> [WHAT THE TASK REQUIRES] Produce a verbatim copy of the data below that contains no pictures.

> [DATA EXCERPT]
■ ■ ■ ■ ■

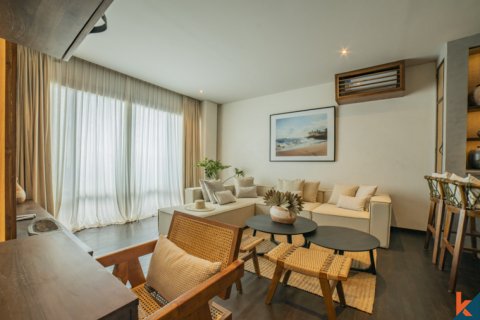 2 bedrooms Villa in Tibubeneng, Badung, Indonesia No. 11576 6
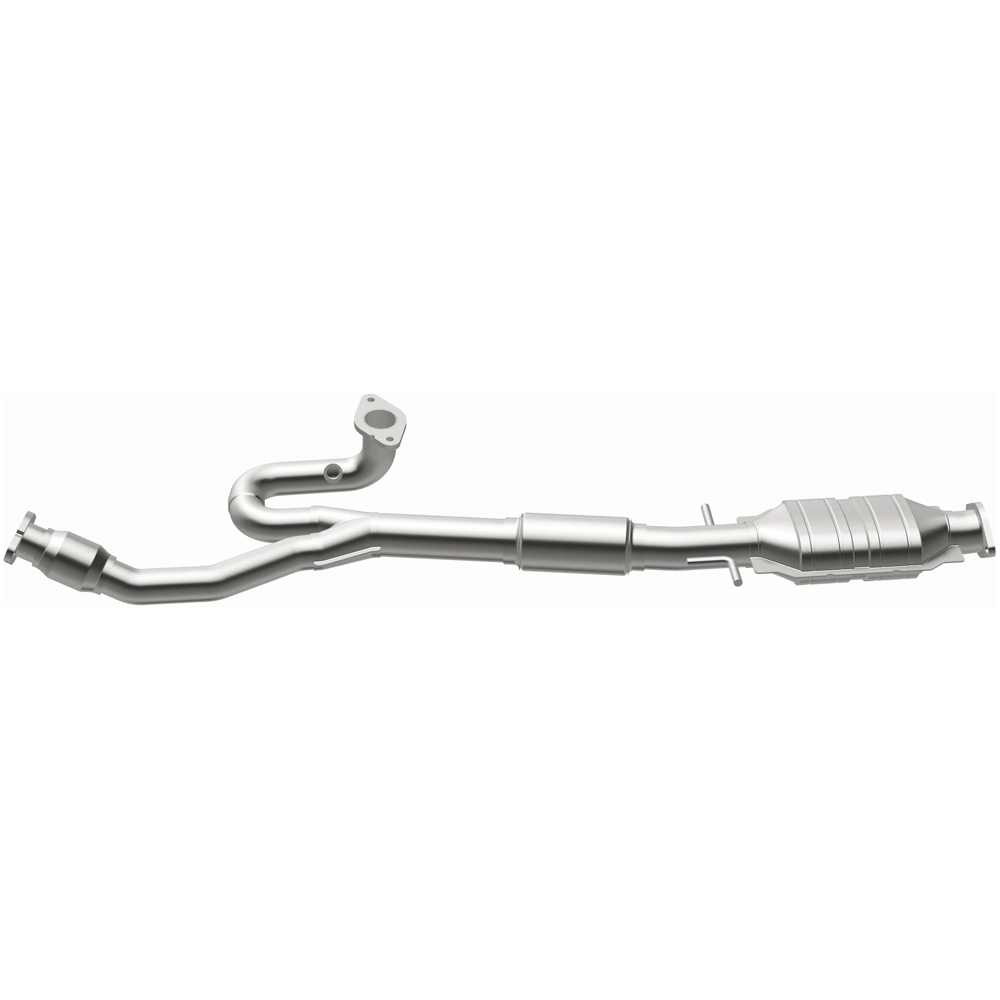 2010 buick LaCrosse Catalytic Converter EPA Approved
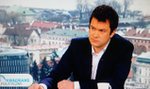 Dziennikarz TVP przesadził? Sadzenie drzew skojarzył z katastrofą smoleńską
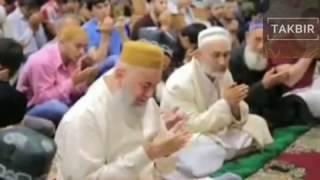 Нашид Мохи Рамазон омад, бозгашти хамаамон ба суи Аллох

■ ■ ■ ■ ■

> [WRITTEN REPLY]
 2 bedrooms Villa in Tibubeneng, Badung, Indonesia No. 11576 6
 2010 buick LaCrosse Catalytic Converter EPA Approved
 Dziennikarz TVP przesadził? Sadzenie drzew skojarzył z katastrofą smoleńską
 Нашид Мохи Рамазон омад, бозгашти хамаамон ба суи Аллох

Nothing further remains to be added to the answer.